#### Supplied data:
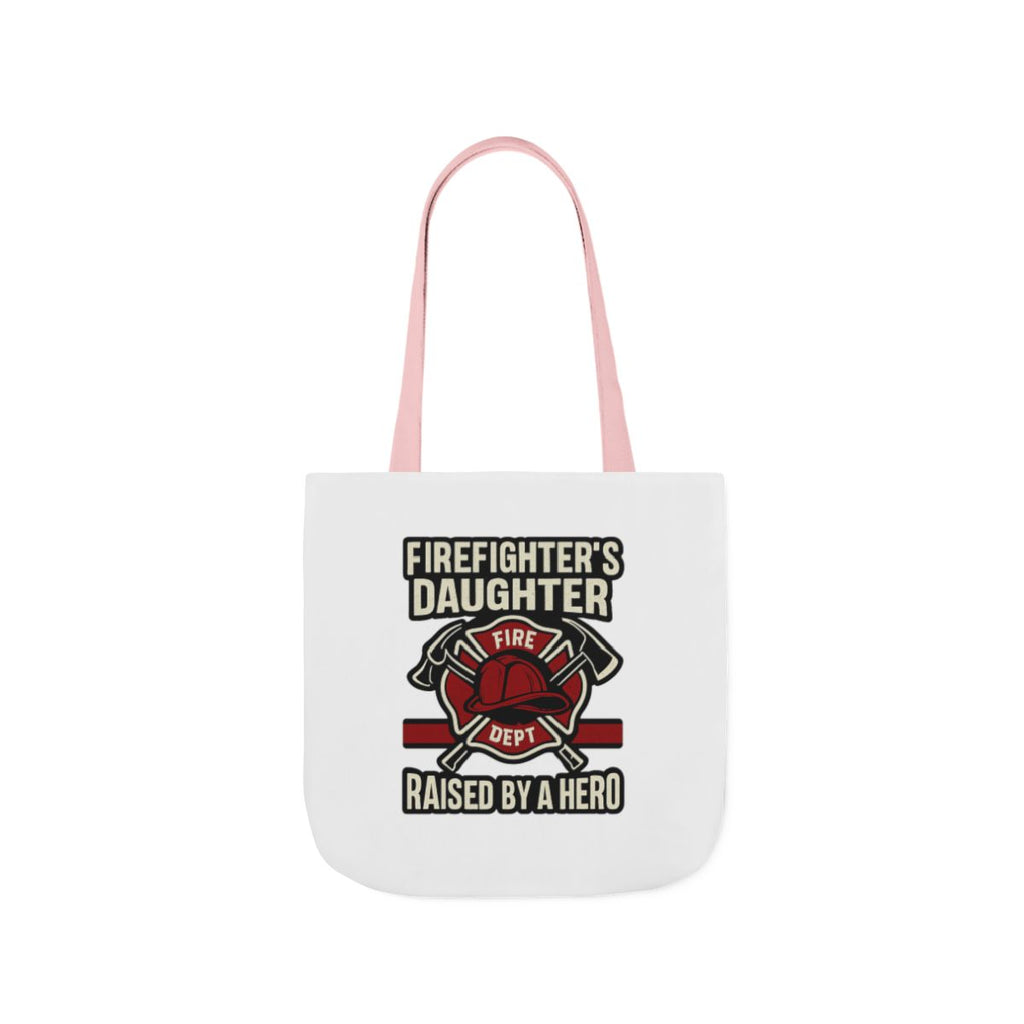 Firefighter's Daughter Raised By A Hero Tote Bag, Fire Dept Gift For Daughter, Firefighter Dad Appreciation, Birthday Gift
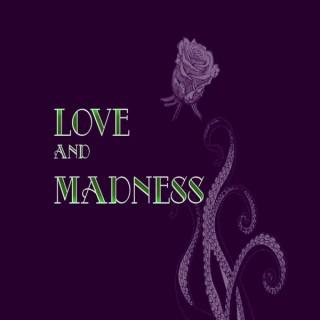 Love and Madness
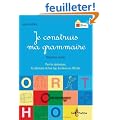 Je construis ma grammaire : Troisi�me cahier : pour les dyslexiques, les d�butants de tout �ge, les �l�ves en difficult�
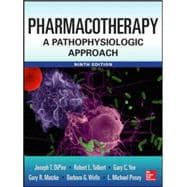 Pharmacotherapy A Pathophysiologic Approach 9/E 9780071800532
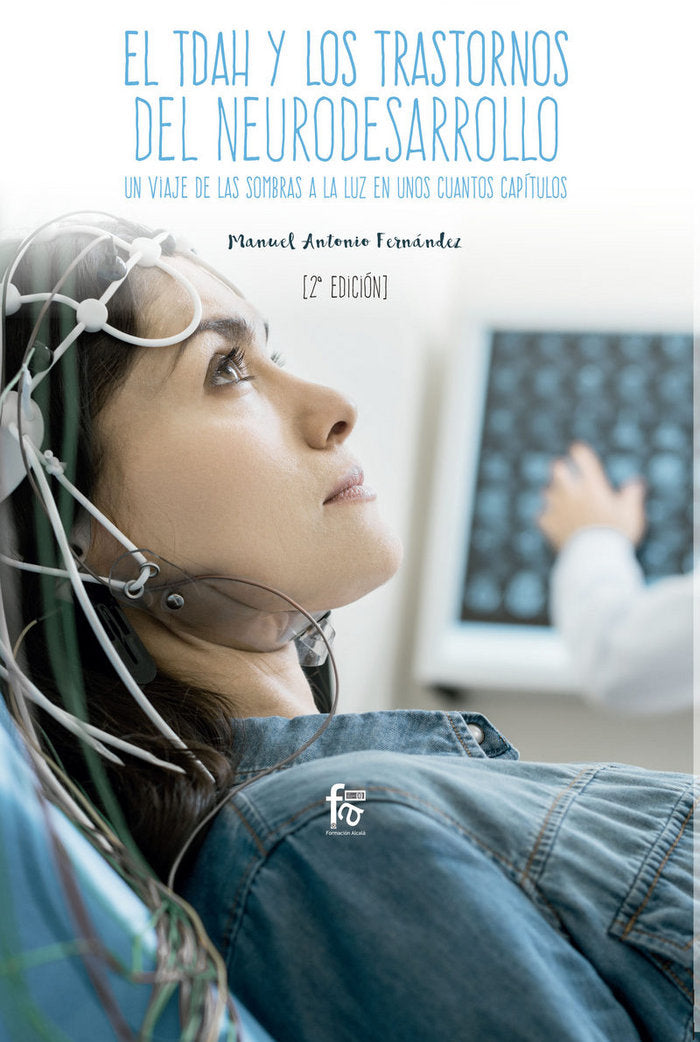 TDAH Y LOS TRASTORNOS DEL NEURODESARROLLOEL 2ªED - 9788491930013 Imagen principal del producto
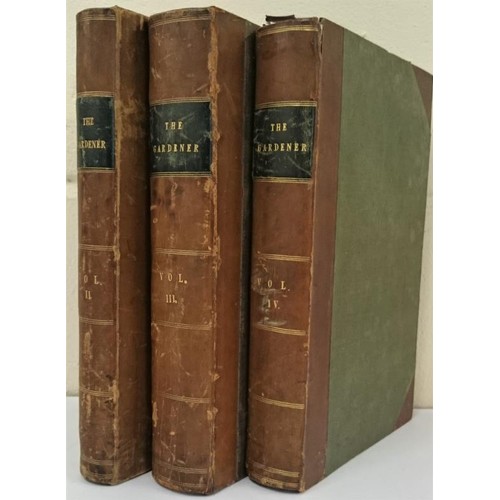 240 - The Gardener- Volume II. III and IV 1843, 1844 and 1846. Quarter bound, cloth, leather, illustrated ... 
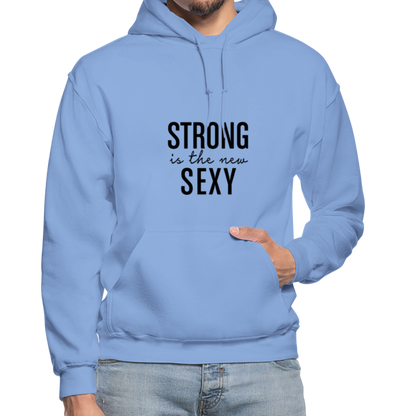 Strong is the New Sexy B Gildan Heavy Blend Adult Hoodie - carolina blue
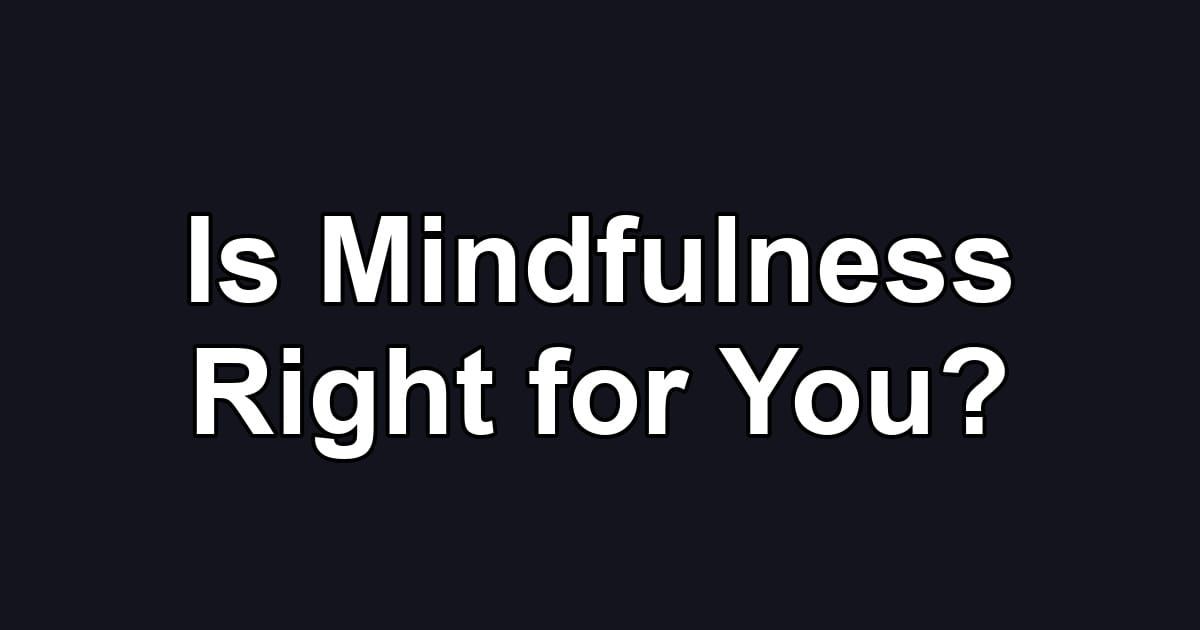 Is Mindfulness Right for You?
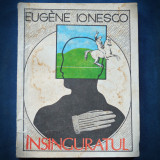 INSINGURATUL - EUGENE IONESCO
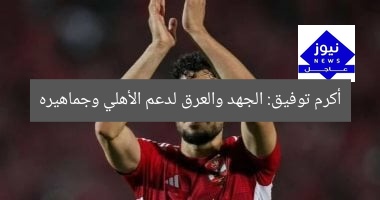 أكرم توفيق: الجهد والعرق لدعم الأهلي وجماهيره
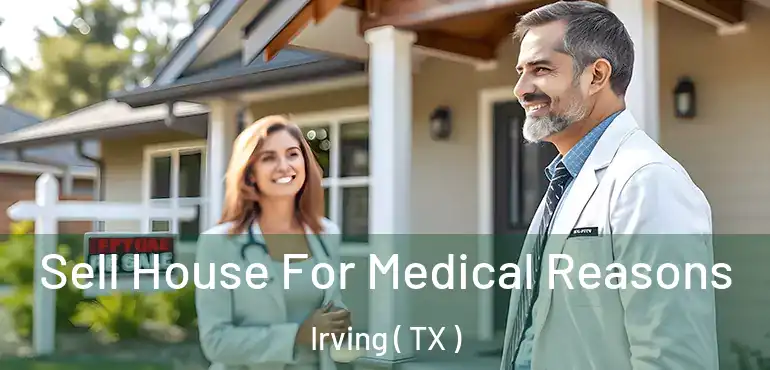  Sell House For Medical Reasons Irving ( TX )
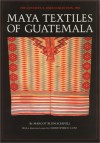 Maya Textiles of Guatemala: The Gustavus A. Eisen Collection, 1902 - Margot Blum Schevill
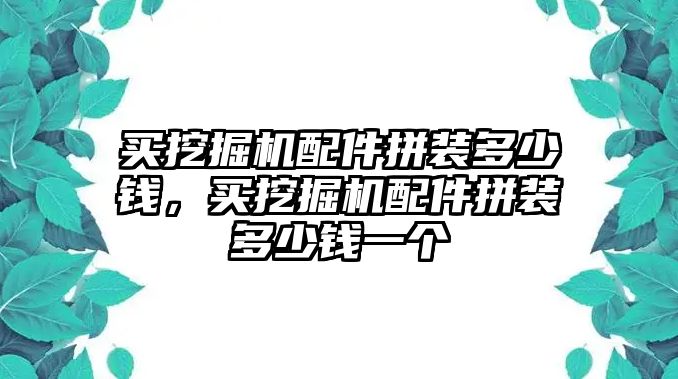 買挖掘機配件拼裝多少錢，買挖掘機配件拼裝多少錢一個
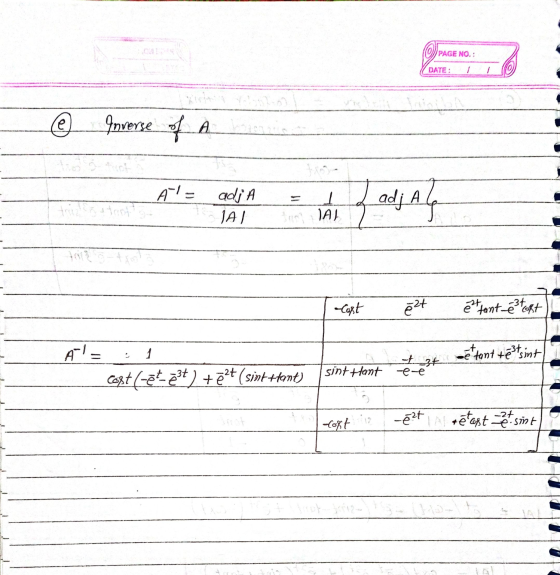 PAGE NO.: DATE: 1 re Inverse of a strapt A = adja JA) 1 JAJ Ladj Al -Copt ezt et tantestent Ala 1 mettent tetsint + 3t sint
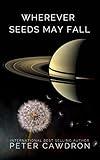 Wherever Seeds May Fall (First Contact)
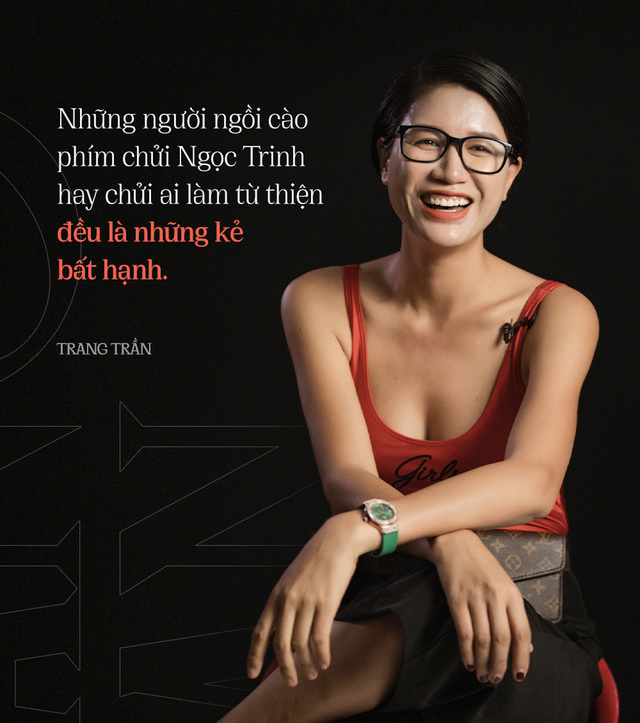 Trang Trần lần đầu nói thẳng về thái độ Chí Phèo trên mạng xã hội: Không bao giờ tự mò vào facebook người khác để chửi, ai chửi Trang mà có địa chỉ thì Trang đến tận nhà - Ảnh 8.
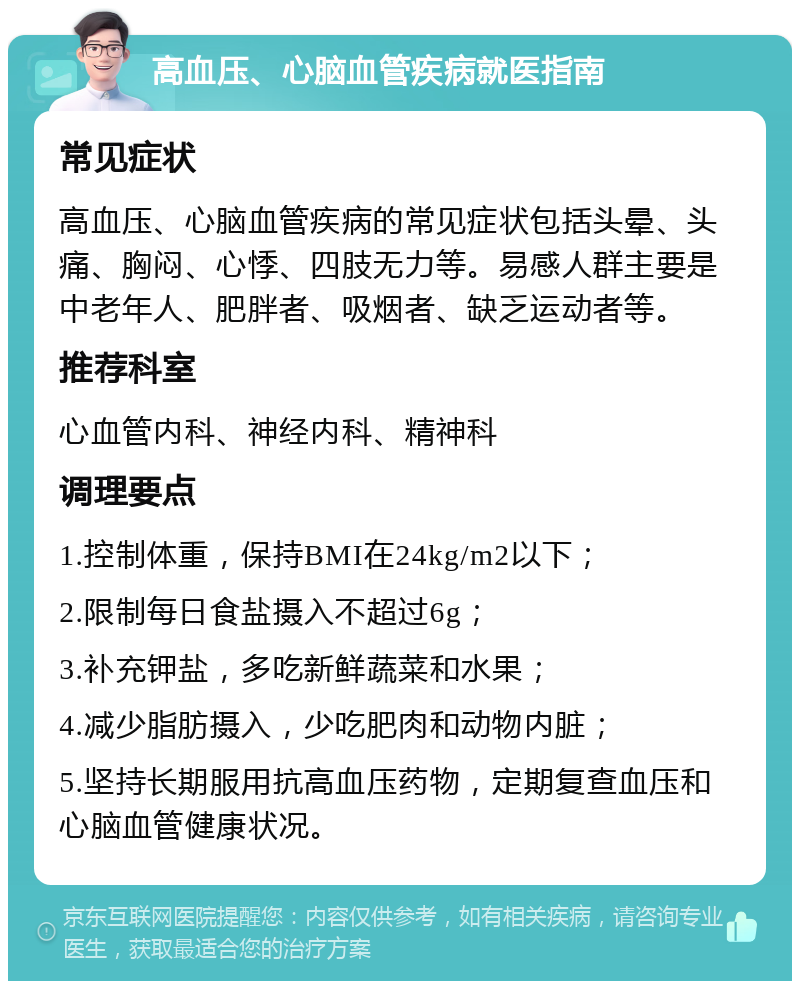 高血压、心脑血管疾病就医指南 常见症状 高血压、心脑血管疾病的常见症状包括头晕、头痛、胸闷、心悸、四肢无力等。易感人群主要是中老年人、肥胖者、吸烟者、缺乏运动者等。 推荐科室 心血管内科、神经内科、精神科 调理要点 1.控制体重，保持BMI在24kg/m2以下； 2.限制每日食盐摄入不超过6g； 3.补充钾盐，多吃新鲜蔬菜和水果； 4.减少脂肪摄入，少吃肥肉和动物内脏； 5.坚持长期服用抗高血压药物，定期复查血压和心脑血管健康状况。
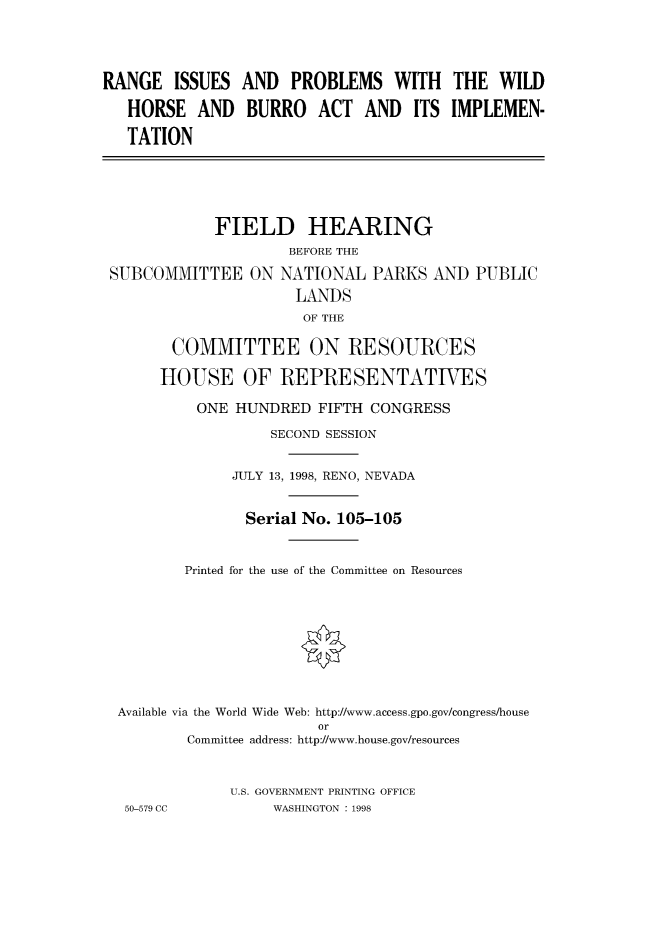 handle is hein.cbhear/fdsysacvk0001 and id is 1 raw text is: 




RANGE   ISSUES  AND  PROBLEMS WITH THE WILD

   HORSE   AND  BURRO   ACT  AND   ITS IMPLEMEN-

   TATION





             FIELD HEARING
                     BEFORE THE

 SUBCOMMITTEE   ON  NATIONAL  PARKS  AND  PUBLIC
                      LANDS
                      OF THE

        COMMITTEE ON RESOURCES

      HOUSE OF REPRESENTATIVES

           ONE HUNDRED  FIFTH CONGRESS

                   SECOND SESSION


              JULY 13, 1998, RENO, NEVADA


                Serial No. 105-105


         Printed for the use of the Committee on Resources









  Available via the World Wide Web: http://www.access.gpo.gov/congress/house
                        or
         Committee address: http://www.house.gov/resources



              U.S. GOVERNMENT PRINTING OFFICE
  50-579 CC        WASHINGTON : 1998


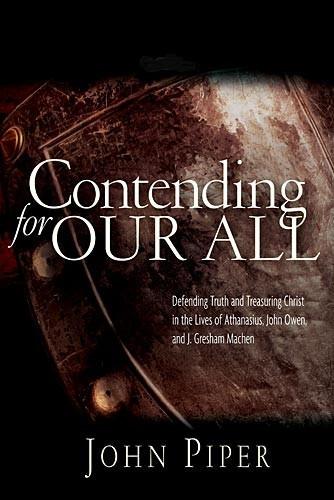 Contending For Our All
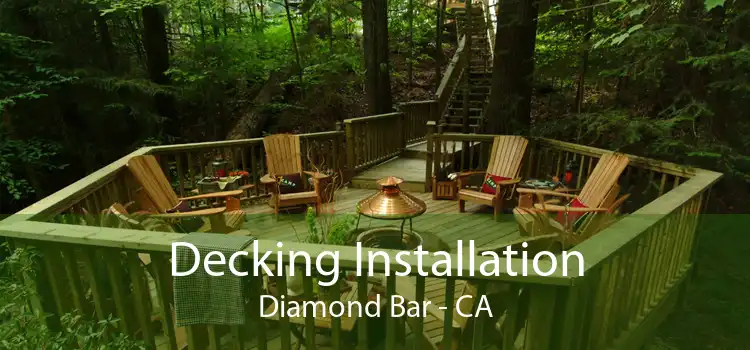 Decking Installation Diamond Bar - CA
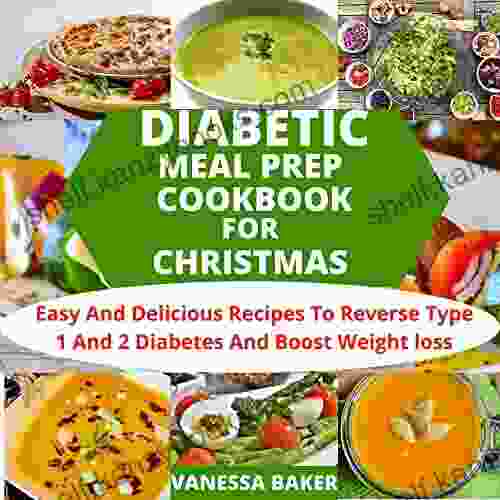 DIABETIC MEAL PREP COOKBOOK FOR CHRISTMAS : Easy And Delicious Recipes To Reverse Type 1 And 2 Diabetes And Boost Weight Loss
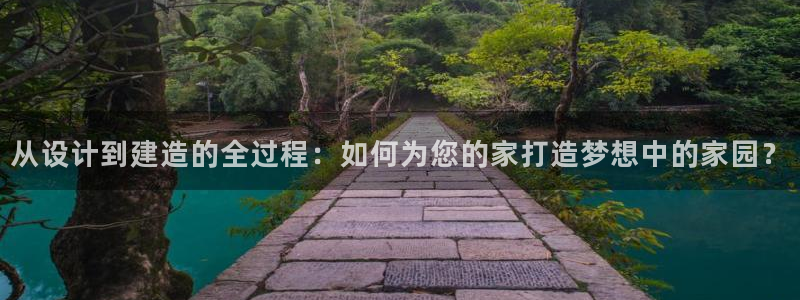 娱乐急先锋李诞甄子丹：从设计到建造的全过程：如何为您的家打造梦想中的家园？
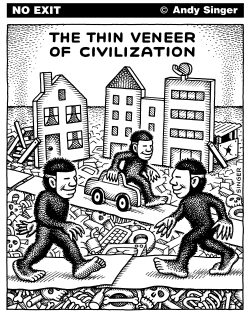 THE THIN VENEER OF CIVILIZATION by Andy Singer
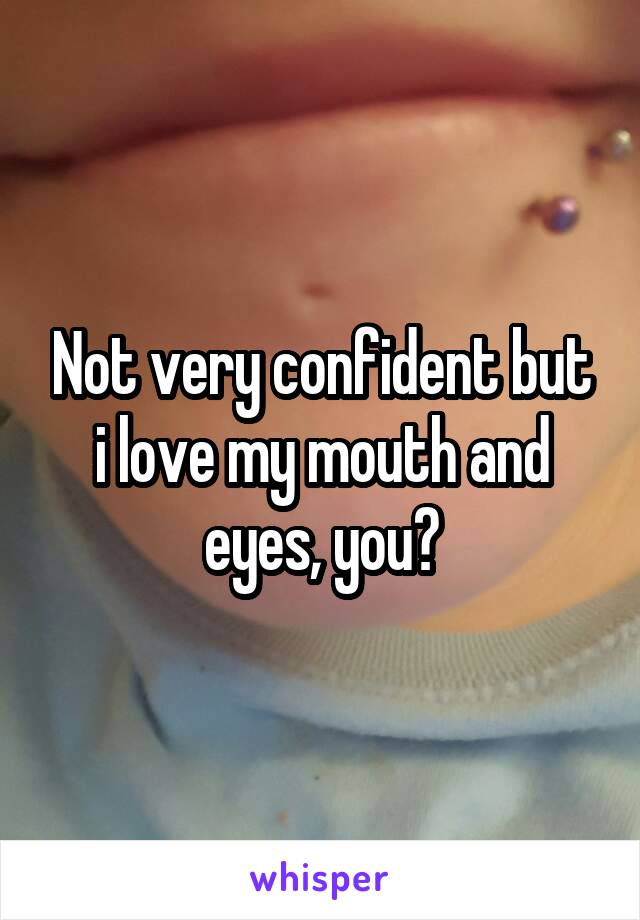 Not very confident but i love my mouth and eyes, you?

#### What needs to be done:
Each line from the first line of the listing above through the line containing "Je construis ma" is to be written out exactly, and the pictures are to be left out.

#### Problem solution:
 Firefighter's Daughter Raised By A Hero Tote Bag, Fire Dept Gift For Daughter, Firefighter Dad Appreciation, Birthday Gift
 Love and Madness
 Je construis ma grammaire : Troisi�me cahier : pour les dyslexiques, les d�butants de tout �ge, les �l�ves en difficult�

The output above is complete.